=== Information provided ===
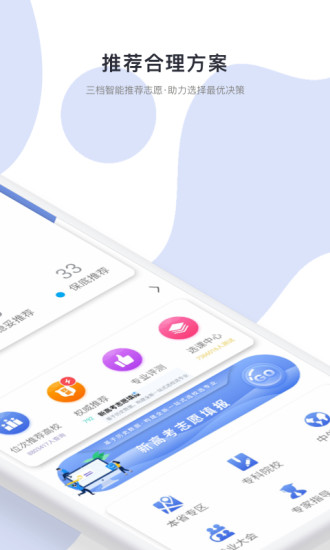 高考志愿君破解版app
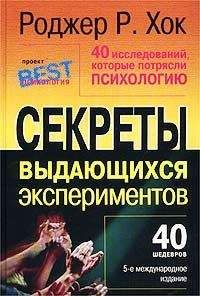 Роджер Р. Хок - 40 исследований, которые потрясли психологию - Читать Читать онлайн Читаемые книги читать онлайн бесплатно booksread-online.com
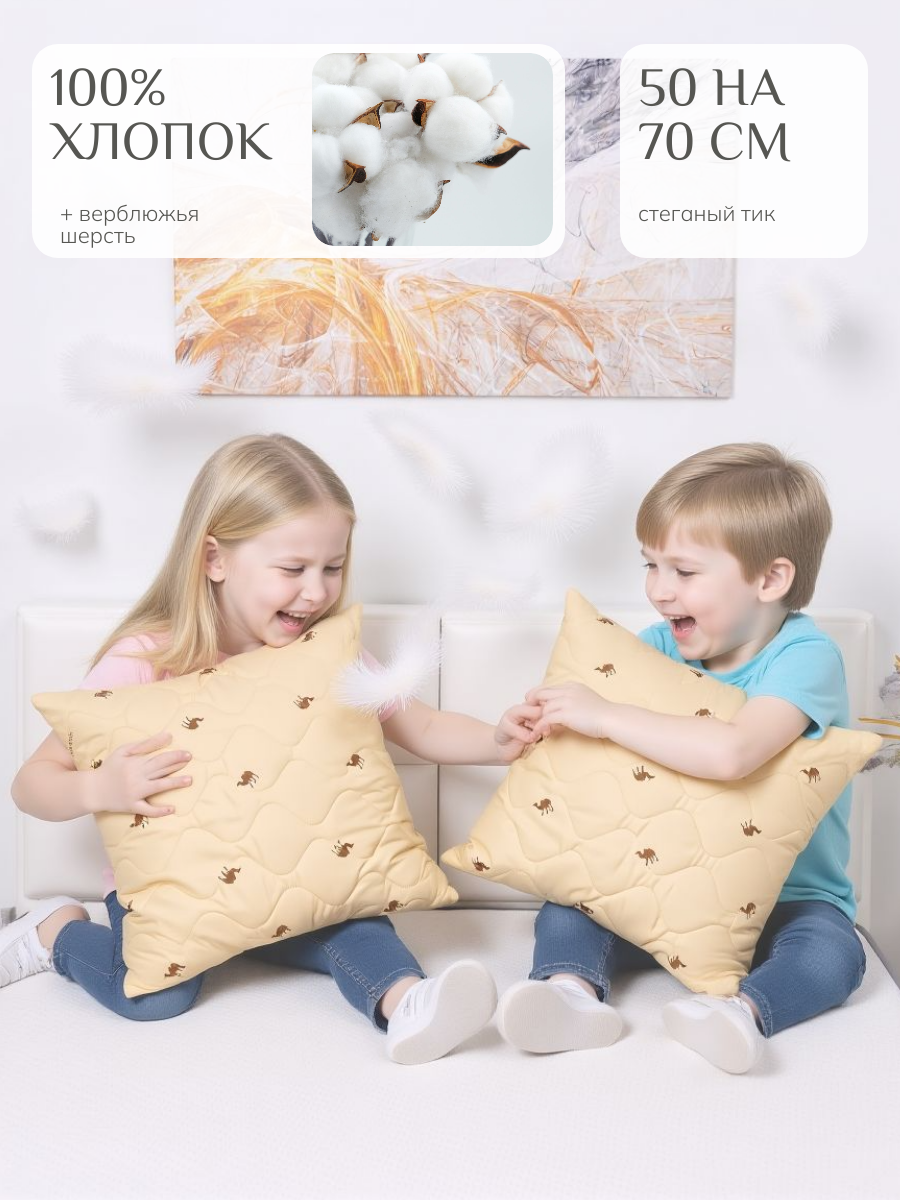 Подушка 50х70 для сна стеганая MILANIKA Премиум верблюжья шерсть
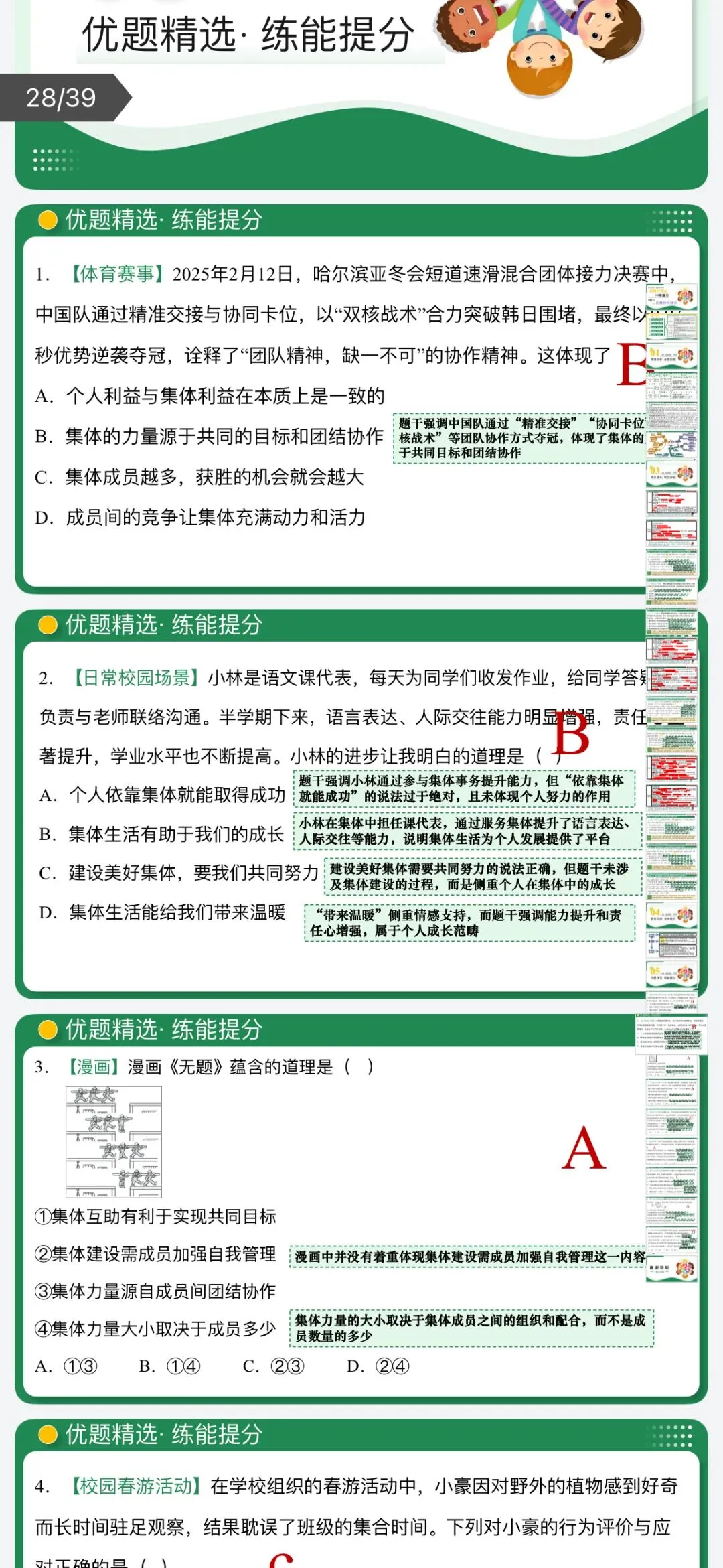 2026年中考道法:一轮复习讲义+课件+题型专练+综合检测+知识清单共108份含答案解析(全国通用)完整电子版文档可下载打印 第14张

=== Directions for this task ===
Every line of the data above should be repeated exactly. Omit the pictures.

=== Written answer ===
 高考志愿君破解版app
 Роджер Р. Хок - 40 исследований, которые потрясли психологию - Читать Читать онлайн Читаемые книги читать онлайн бесплатно booksread-online.com
 Подушка 50х70 для сна стеганая MILANIKA Премиум верблюжья шерсть
 2026年中考道法:一轮复习讲义+课件+题型专练+综合检测+知识清单共108份含答案解析(全国通用)完整电子版文档可下载打印 第14张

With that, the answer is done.